Offensive efficiency is points scored per 100 possessions while defensive efficiency is points allowed per 100 possessions. Net efficiency is a calculation of offensive efficiency minus defensive efficiency.

Prior to games on Thursday, college basketball analytics site ranked UB 14th in the nation in offensive efficiency (114.9) and 45th in the nation in defensive efficiency (95.4).

“The margin of victory component does not reward a scoring margin of greater than 10, while the efficiency component does reward scoring margin greater than 10,” Ken Pomeroy, the creator of, said in an email to the News. “So there is still incentive to win games by a lot if one's goal is to achieve a higher NET ranking.”

And efficiency matters.

“If you’re up 20 and all the sudden they score on the last five possessions and you don’t score, it tilts the whole efficiency equation,” Oats said. “Unless they have some type of formula where if it’s a blowout, whatever they consider a blowout, and you don’t want to count the efficiency in the last two minutes or whatever minutes of a blowout, I don’t know how they do it, but until you figure that out, it matters, all the way up to the last buzzer.”

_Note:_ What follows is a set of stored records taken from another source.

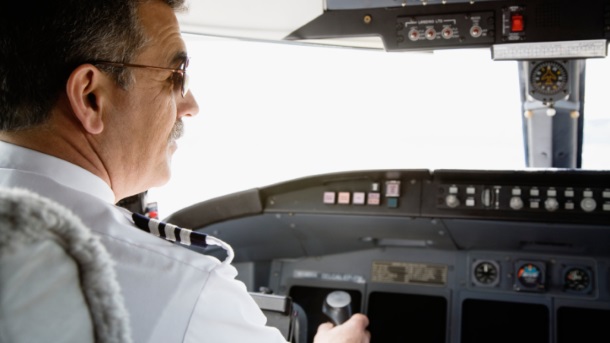 Pilot doživeo srčani udar u avionu za Amsterdam  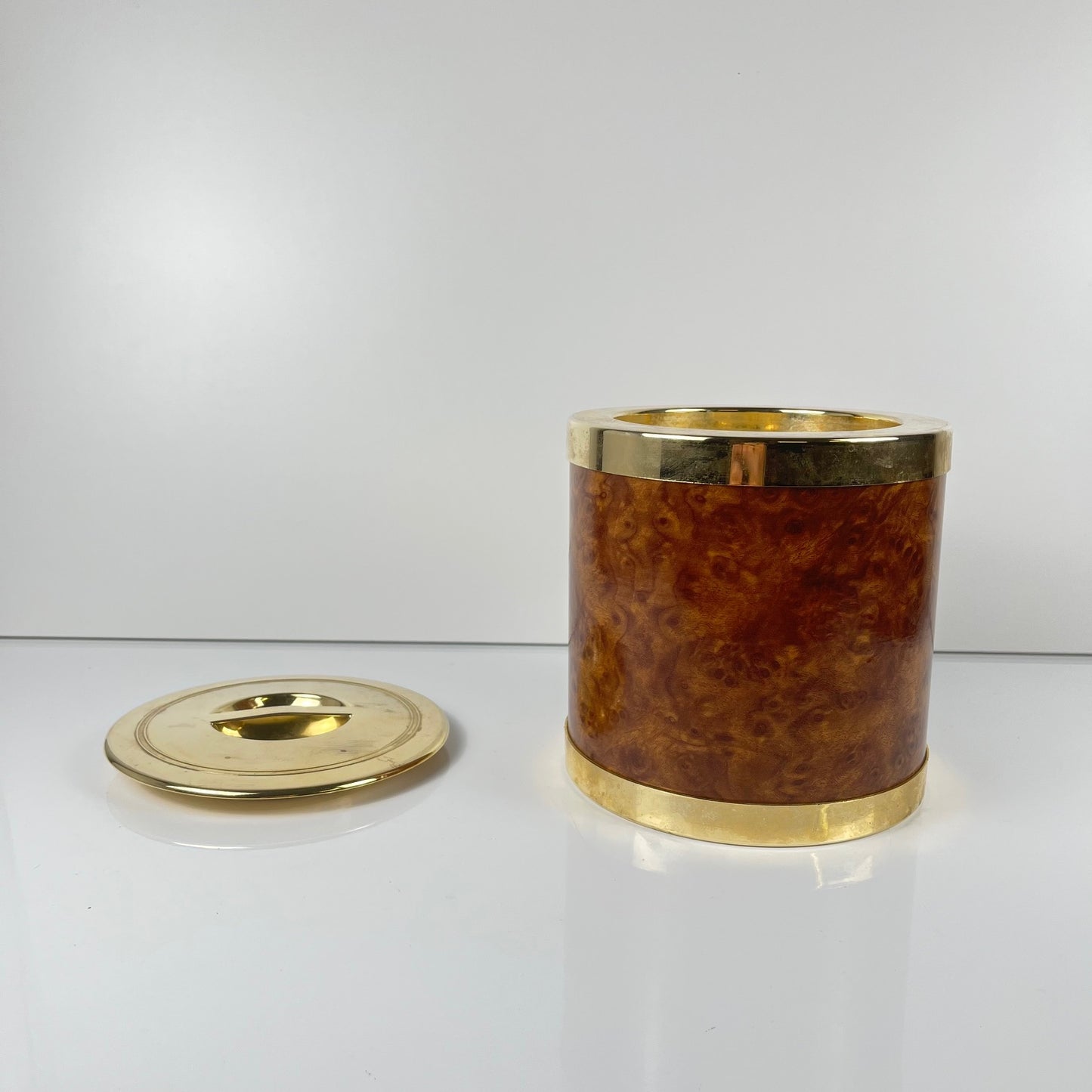 Seau à glaçons vintage en plastique effet loupe – couvercle doré, 1970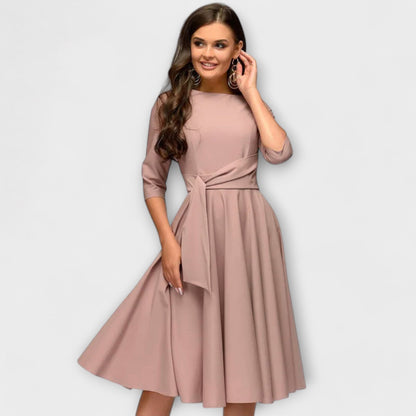 Elegant Svingkjole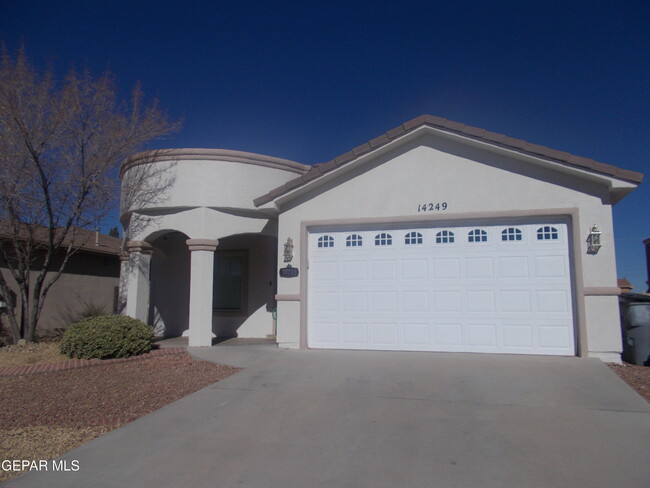 14249 Craggy Rock Ave in El Paso, TX - Building Photo - Building Photo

Crunching the numbers and maximizing data points is necessary for Buffalo, the only MAC team in the top 50 in the NET rankings. By comparison, the ACC has eight teams and the SEC has seven teams in the top 50, which gives those schools a better chance to earn quality wins and strengthen tournament resumes during their conference schedules.

Essentially, playing your best basketball is vital, even when the game appears tilted greatly in favor of one opponent. That’s why, in the late moments of UB’s win against Miami (Ohio), Oats elected to keep starting guard Jayvon Graves and forward Jeenathan Williams, who averages 9.5 minutes a game, on the floor.

Four days earlier, UB dug into its bench in the final minutes of a 110-80 win against Toledo, but kept two of its starters on the court in the final six minutes.

The Bulls also don’t have any eligible transfers or healthy walk-ons to fill those final minutes right now, and forward Dom Johnson is out because of a sprained ankle. Because of that, Oats makes a point to impress the necessity of maintaining large leads the Bulls have built upon UB’s bench players who enter in the final minutes of one-sided games.

“I’m telling them, ‘You’ve got to quit doing this to us. You can’t take a 22-point lead down to 16. If it’s 22, you guys have got to close it and it’s got to be 25 to 30,’ ” Oats said.

“I’m going to coach those guys hard, all the way to the final buzzer, knowing that the analytics and efficiency (matter), and knowing it’s the right way to coach. Those guys need to play. If we need them to step in, they can’t get in and take plays off. I’m not trying to rub anything into a coach, but I’m trying to coach those players as hard as they can be coached."